**About this exercise**
For this exercise, the lines from the one with "Car gadgets you" through the final line of the data below are to be transcribed exactly, and pictures are to be skipped.

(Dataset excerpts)

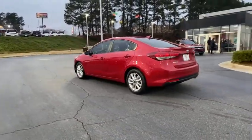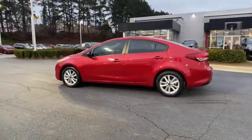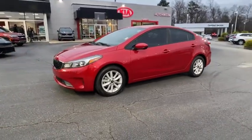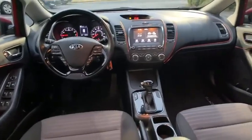This vehicle has less than 50,000 miles. Here are some of this vehicle's great options: traction control, dual airbags, leather-wrapped steering wheel, alloy wheels, power steering, and four-wheel disc brakes.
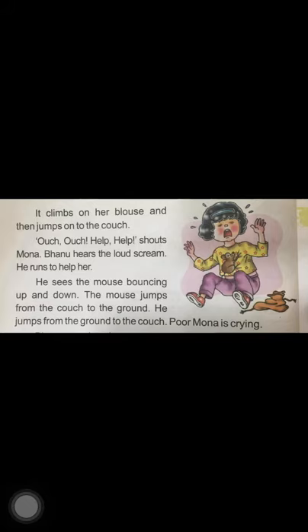Banu sees the mouse bouncing up and down. The mouse jumps from the couch to the ground and from the ground back to the couch. Poor Mona is crying. The mouse is jumping and moving swiftly here and there, up and down in the room. Little Mona is so scared of the mouse that she starts crying.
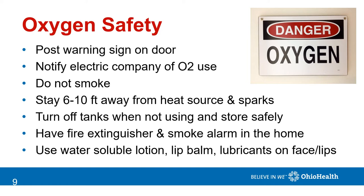Oxygen itself is not flammable but it certainly promotes combustion. Do not smoke while wearing oxygen and stay six to ten feet away from heat sources and sparks. Post warning signs on your door or window so others do not enter your home while smoking. Notify your electric company of oxygen use so that you can be a priority should you lose electricity. Always turn off your tanks when not using them, store them safely, and have a fire extinguisher and smoke alarm in the home.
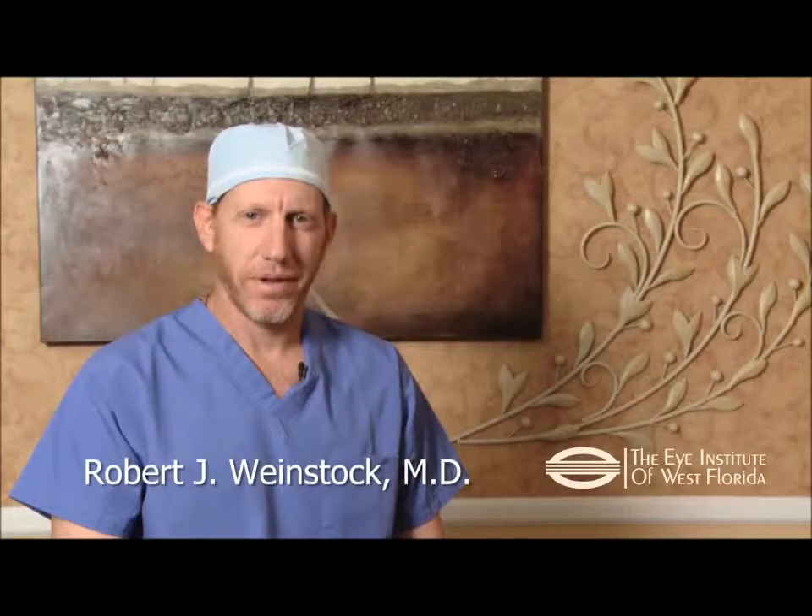Hi, I'm Dr. Rob Weinstock from the Eye Institute of West Florida. I would like to tell you about cataract surgery.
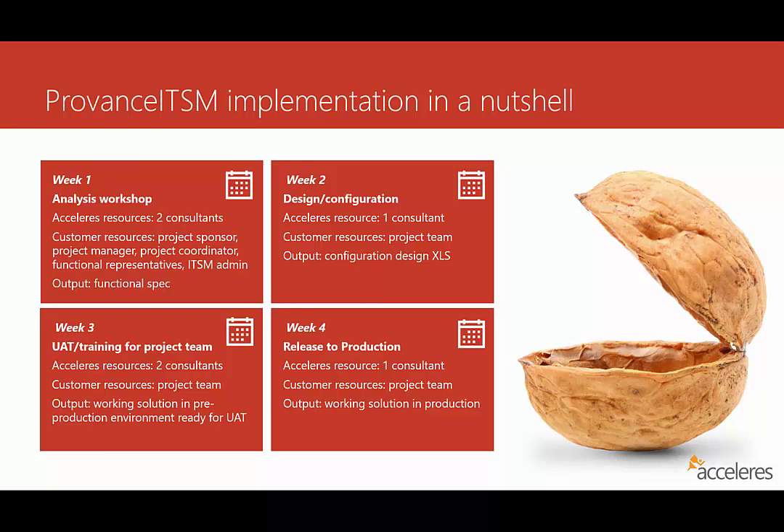First, we start off with an analysis workshop, where two Accelerus consultants get together and work on-site with the customer resources — people like project managers, project sponsors, coordinators, and then representatives from various different functional groups within the organization, and the person who is ultimately going to be your ITSM administrator.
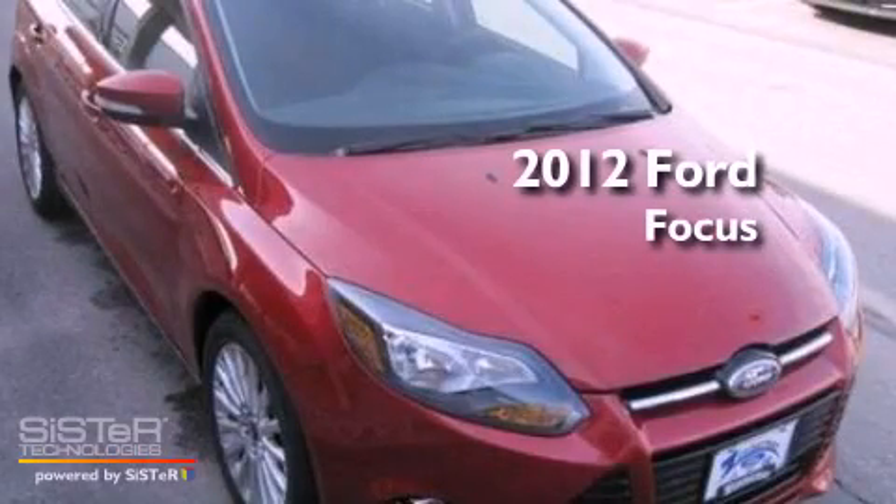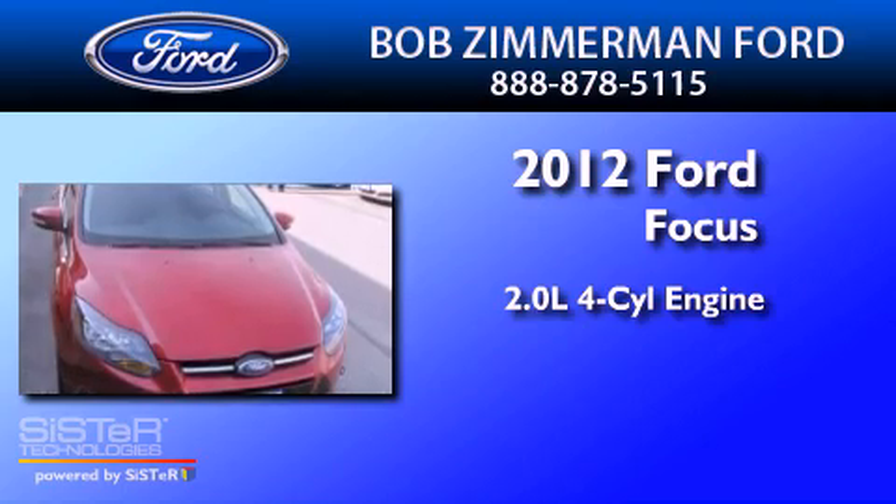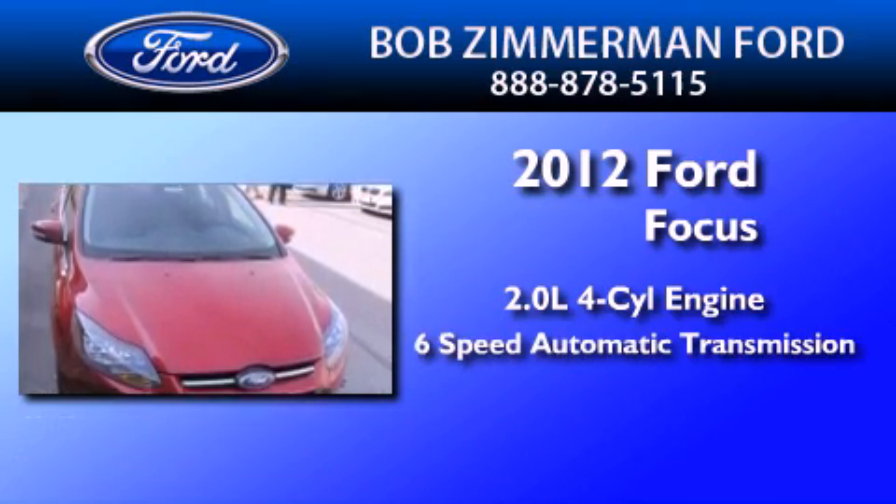This is a brand new 2012 Ford Focus. It has a 2.0-liter four-cylinder engine and a six-speed automatic transmission.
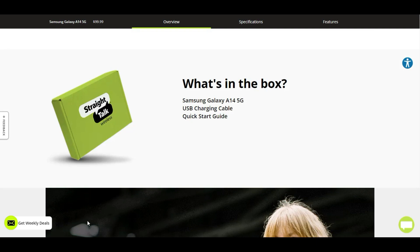What comes in the box is the Samsung Galaxy A14 5G smartphone, a Type-C cable, and your quick start guide. It doesn't say it comes with the charger, so don't be surprised if it does not come with the charger — keep that in mind.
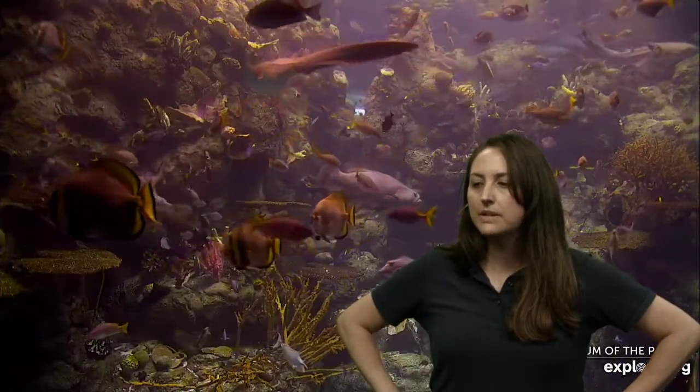We did have a question come in — not related to fish, but still a really good question. You're thinking like scientists. Ethan wants to know: what do penguins eat? Any guesses? If anybody wants to help answer Ethan's question, we'll not only answer it in just a little bit, but we'll show you one of our penguin cameras and take a peek at our penguins in just a moment. While we're waiting, let's go ahead and pick another color to explore.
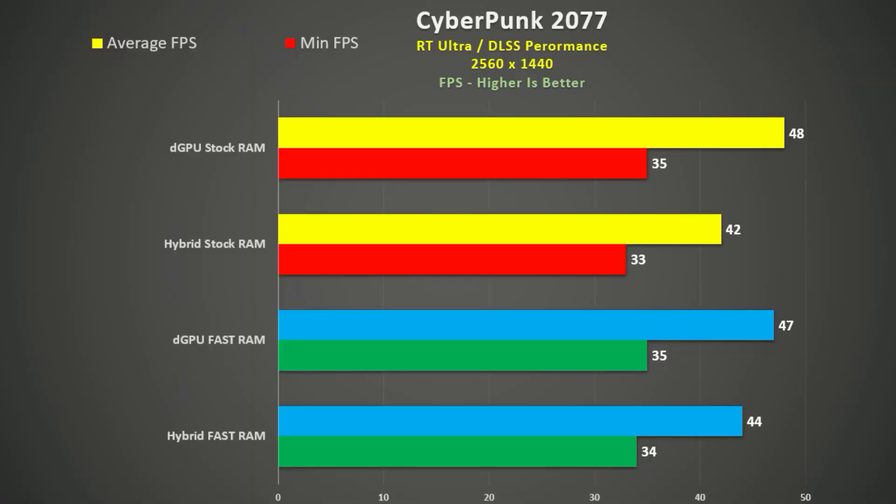Much depends on your workload. Now let's take a look at gaming at the Legion 7's native resolution of 2560x1600, using ultra settings. At the top I show stock RAM in the yellow and red bars, with the faster RAM below it in blue and green bars. I also tested hybrid mode and dedicated GPU mode. Although there isn't a drastic improvement, it did allow the hybrid setup with faster RAM to close the gap somewhat.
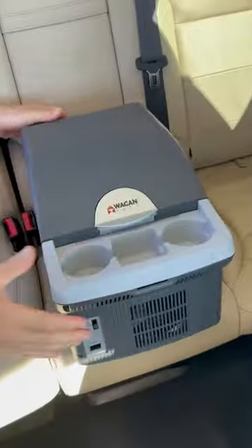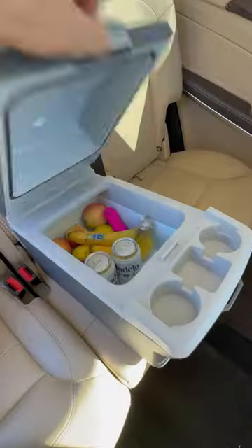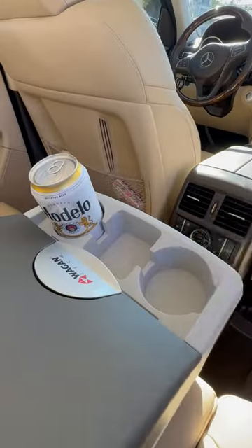Car gadgets you need or don't. This backseat armrest gets plugged in and has a cooling fridge on the inside, with drink holders up top.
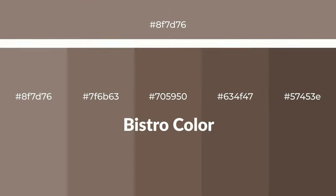Warm shades of Bistro color with brown hue for your next project. To generate tints of a color, we add white to the color. Tints create light and exquisite emotions.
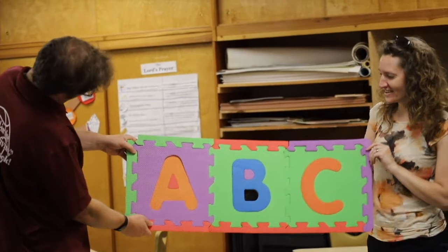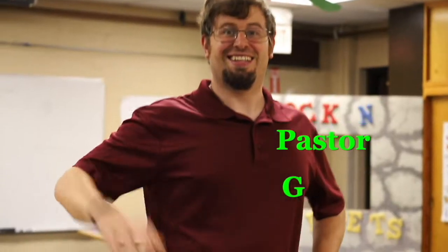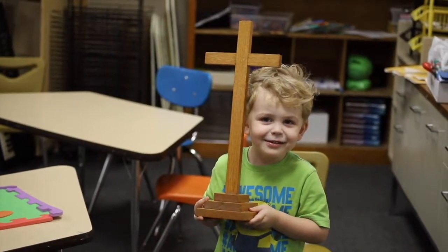Learning your ABCs with all your buddies. I'm Ms. Jillian, and I'm Pastor G. Jesus loves you and so do we.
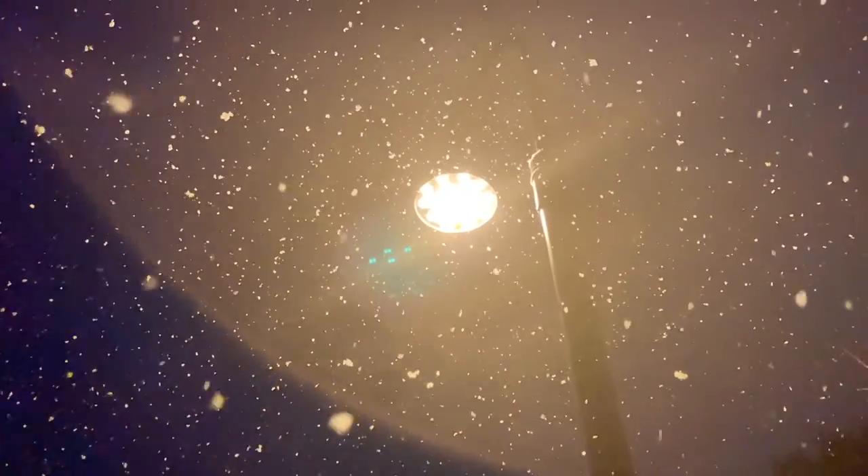Good morning. It's the day after Christmas and it's snowing. As you'll see in the following clips, it's snowing quite intensely. I even included a radar clip at the very end.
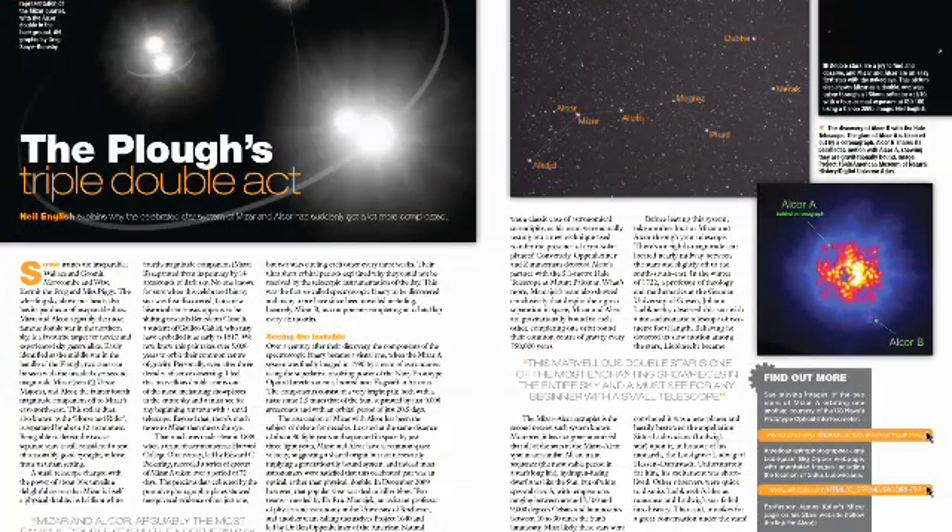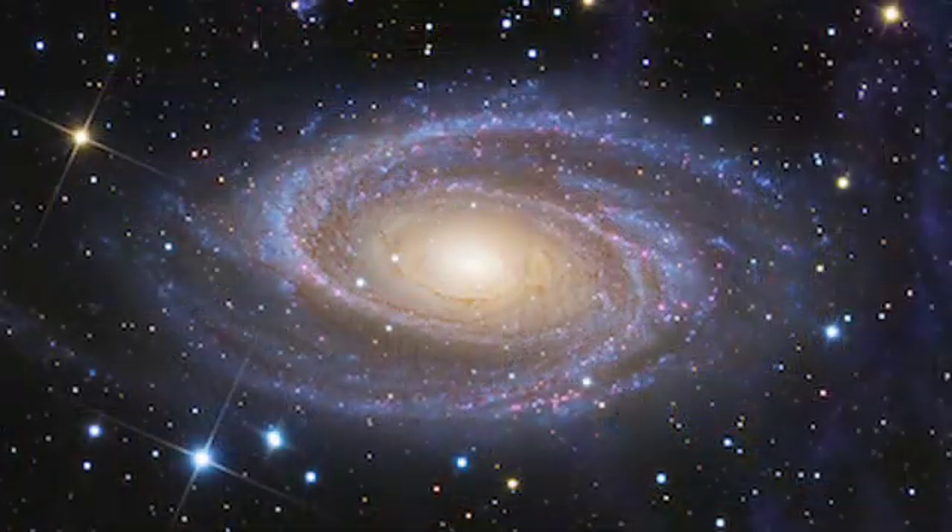Neil English looks in depth at the Mizar Alcor multiple star system in the Plough — the Big Dipper for our American readers — and we display an amazing new look at the galaxy M81, courtesy of American astrophotographer Jay Gabbani.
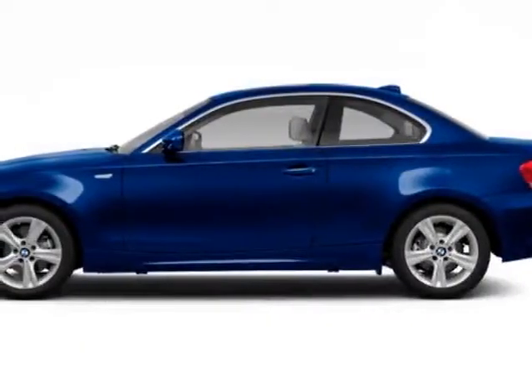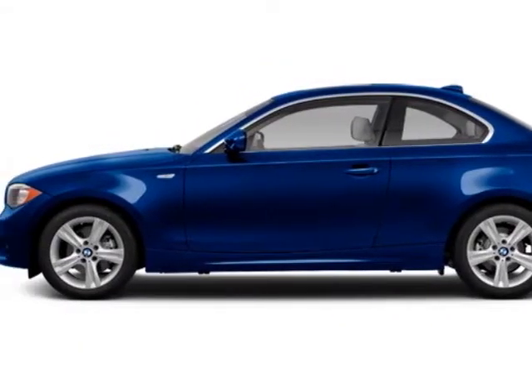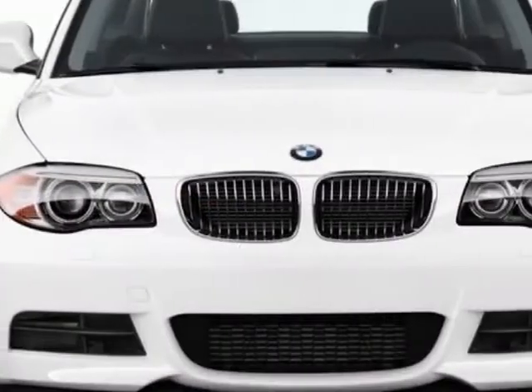Check out this new 2013 BMW 1 Series. This 1 Series boasts a 3.0 liter engine and has an unspecified transmission.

**Result of this exercise**
Car gadgets you need or don't. This backseat armrest gets plugged in and has a cooling fridge on the inside, with drink holders up top.
Warm shades of Bistro color with brown hue for your next project. To generate tints of a color, we add white to the color. Tints create light and exquisite emotions.
Learning your ABCs with all your buddies. I'm Ms. Jillian, and I'm Pastor G. Jesus loves you and so do we.
Good morning. It's the day after Christmas and it's snowing. As you'll see in the following clips, it's snowing quite intensely. I even included a radar clip at the very end.
Neil English looks in depth at the Mizar Alcor multiple star system in the Plough — the Big Dipper for our American readers — and we display an amazing new look at the galaxy M81, courtesy of American astrophotographer Jay Gabbani.
Check out this new 2013 BMW 1 Series. This 1 Series boasts a 3.0 liter engine and has an unspecified transmission.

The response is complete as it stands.